Grandes figures du romantisme musical français | 13 février 2007
Le romantisme musical français a-t-il existé ? La réponse la plus courante tient dans un seul nom : celui d'Hector Berlioz qui soulignerait à la fois l'existence, dans notre pays, d'un génie digne des grands romantiques allemands - et en même temps son isolement, puisqu'il serait quasiment seul à incarner ce mouvement, dans un océan de médiocrité, tout entier dévolu à l'opéra et à l'itanianisme débridé.
Cette conception pour le moins simpliste n'était sans doute pas pour déplaire à Berlioz, principal promoteur de sa propre image de génie isolé et persécuté. Il est vrai, d'ailleurs, que la France apparaît pour le moins "décalée" dans l'histoire du romantisme - apparu bien plus tôt en Angleterre avec Byron et en Allemagne avec Goethe. En musique, le répertoire de symphonies et de musique de chambre, si important dès Beethoven et Schubert, ne s'affirmera chez nous qu'à la fin du XIXe siècle, avec Franck, Saint-Saëns et leurs héritiers.
Mais à cette vision réductrice, on peut en opposer une autre, en rappelant que Paris fut, par d'autres aspects, la véritable capitale du romantisme musical : lieu de révélation des grands virtuoses comme Liszt, Paganini et Chopin (d'ailleurs à moitié français) ; scène principale de l'opéra romantique italien (Bellini, Verdi, Donizetti sont tous plus ou moins parisiens) ; et même berceau de l'orchestre moderne - Wagner lui même déclarant avoir "entendu" vraiment pour la première fois Beethoven à Paris, sous la direction d'Habeneck.
Ainsi, plutôt que nier ou d'exagérer l'importance du romantisme musical en France, convient-il d'en préciser les caractères et spécificités, largement illustrés par ce programme :
- L'importance de l'inspiration littéraire d'abord, qui prend un éclat particulier chez Berlioz. Ses véritables modèles se nomment Goethe ou Byron, omniprésents dans son oeuvre lyrique (/La damnation de Faust/) ou dans sa musique symphonique (/Harold en Italie/).

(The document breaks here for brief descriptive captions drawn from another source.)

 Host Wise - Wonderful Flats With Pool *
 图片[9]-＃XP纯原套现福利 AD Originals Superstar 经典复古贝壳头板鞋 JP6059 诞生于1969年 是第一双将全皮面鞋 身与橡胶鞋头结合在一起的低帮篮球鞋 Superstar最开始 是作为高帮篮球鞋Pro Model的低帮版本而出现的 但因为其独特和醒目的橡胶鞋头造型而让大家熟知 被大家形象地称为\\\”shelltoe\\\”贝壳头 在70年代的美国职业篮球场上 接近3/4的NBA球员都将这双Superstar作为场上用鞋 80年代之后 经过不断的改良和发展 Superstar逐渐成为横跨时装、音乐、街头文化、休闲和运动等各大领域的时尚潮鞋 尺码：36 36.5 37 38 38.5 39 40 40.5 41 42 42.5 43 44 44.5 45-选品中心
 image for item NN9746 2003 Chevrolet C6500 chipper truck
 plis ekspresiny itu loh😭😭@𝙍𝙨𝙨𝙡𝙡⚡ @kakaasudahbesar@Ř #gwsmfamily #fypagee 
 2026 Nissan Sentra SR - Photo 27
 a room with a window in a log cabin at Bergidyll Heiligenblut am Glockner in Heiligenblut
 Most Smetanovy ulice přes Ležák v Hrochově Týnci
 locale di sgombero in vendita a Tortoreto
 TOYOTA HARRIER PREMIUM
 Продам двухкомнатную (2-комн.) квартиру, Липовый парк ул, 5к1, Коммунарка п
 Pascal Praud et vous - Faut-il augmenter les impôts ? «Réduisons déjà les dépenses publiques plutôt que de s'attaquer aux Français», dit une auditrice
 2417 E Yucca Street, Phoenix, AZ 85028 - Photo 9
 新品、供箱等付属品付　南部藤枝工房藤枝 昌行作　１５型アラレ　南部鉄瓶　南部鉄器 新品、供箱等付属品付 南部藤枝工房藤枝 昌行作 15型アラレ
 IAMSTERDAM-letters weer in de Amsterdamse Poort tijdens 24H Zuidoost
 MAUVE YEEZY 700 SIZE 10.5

- La place centrale de l'opéra qui reste, tout au long du XIXe siècle, le genre le plus prisé en France. Il n'en participe pas moins à l'esthétique romantique, avant même Berlioz (dans /Zampa/ d'Herold ou /La dame blanche/ de Boieldieu) puis chez ses successeurs comme Gounod qui reprend le sujet de /Faust/ et se verra lui même qualifier par ses ennemis de "wagnériste", autrement dit de romantique déchaîné.
- L'importance du répertoire de "mélodie" qui va prendre le relais de la romance de salon et jouer, dans notre pays, le même rôle que le lied en Allemagne. On en trouve de très beaux accomplissements chez Berlioz mais aussi chez son contemporain Félicien David dont les poèmes conservent une fraîcheur schubertienne. Très importantes, les mélodies de Gounod feront le pont entre le romantisme et la musique française moderne, toute en nuances harmoniques et en inflexions subtiles pour mettre en lumière le texte chanté.
- Le goût de l'effet, le sens de la trouvaille sonore reste toutefois, probablement, le trait le plus caractéristiques de la musique française, des pièces de Couperin jusqu'à l'"impressionnisme". Il se manifeste à la fois chez Berlioz (son génie de l'orchestration), chez Félicien David, auteur de l'étonnant /Désert/ et chez ce grand oublié qu'est Charles Valentin Alkan. Virtuose admiré, promoteur de la musique de Bach en France, avant-gardiste et socialiste illuminé, Alkan déploie comme compositeur une imagination saisissante qui donne à son clavier quelque chose de fantastique et de possédé.
Ces quelques traits suffisent à montrer la richesse et la diversité du romantisme musical français... même quand il se déploie sur d'autres terrains que la musique allemande, et montre notamment une cerrtaine pauvreté dans le domaine de la musique de chambre.
La figure de Georges Onslow, qui conclura ce programme, montre pourtant, là encore, une activité fervente, quoique relativement isolée. Ce musicien d'origine anglaise, formé en Allemagne où sa musique restera longtemps au répertoire, connaîtra assez de succès pour entrer à l'académie des Beaux Arts. Il laisse une oeuvre abondante de 36 quatuors, 34 quintettes, et nous sommes heureux d'en donner à redécouvrir, ce soir, quelques fragments, pour achever de démontrer que la question du romantisme musical français reste pour le moins ouverte, complexe et passionnante.